_Directions_.
Using "icons" as the search string, find the matching lines below and copy them.

Segment Open

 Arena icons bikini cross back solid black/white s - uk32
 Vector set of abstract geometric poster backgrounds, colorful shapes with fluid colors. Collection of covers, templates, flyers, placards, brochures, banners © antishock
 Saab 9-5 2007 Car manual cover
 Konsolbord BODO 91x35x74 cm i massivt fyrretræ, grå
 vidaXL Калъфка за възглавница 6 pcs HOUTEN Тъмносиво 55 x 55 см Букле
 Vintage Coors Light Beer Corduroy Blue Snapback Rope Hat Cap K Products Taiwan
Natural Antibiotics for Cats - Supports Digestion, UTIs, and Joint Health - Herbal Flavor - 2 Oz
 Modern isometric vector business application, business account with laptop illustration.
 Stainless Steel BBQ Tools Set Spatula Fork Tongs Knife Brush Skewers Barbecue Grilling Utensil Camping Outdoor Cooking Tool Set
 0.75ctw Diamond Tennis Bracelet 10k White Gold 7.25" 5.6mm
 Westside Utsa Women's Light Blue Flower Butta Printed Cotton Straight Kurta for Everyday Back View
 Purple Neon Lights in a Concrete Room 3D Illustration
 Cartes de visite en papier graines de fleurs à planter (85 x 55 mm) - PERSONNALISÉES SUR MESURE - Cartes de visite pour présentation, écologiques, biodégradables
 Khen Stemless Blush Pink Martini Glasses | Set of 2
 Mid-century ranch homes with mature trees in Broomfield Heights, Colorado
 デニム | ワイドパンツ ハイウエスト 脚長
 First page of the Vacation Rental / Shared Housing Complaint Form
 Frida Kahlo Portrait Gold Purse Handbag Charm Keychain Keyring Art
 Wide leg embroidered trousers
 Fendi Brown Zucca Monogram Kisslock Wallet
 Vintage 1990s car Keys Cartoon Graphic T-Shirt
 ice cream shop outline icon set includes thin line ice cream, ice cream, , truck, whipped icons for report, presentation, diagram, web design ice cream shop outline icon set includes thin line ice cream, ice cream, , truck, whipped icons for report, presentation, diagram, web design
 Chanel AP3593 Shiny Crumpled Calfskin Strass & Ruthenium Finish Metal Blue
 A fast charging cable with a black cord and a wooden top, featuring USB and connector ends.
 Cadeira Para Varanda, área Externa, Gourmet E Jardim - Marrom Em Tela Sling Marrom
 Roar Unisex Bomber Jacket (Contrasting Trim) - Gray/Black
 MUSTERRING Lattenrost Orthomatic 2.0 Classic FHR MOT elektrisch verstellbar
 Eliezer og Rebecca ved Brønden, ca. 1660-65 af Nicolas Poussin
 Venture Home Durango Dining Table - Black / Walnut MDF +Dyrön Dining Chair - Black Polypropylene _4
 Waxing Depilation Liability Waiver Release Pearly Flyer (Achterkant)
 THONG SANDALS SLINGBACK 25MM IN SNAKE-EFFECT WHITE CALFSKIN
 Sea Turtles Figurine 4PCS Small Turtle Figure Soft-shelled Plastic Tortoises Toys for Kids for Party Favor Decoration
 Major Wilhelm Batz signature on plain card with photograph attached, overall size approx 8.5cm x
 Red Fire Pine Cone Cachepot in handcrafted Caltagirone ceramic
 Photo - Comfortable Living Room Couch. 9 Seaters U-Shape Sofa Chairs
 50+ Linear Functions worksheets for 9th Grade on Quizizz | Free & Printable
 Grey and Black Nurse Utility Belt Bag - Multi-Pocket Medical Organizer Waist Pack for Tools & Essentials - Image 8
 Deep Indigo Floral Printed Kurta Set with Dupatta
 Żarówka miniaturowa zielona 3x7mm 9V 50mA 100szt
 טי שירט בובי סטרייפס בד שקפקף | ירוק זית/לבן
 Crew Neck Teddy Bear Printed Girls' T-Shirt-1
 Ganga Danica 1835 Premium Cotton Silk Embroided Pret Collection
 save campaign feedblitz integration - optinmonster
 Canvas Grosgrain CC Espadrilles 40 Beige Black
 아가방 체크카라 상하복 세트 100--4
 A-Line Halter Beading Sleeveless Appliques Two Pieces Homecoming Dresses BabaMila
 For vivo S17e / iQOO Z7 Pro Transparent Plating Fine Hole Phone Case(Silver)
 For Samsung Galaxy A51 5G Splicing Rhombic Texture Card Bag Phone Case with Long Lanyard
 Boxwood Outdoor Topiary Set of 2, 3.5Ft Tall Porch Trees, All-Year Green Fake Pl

Segment Closed

_Response to this exercise_.
 Arena icons bikini cross back solid black/white s - uk32
 ice cream shop outline icon set includes thin line ice cream, ice cream, , truck, whipped icons for report, presentation, diagram, web design ice cream shop outline icon set includes thin line ice cream, ice cream, , truck, whipped icons for report, presentation, diagram, web design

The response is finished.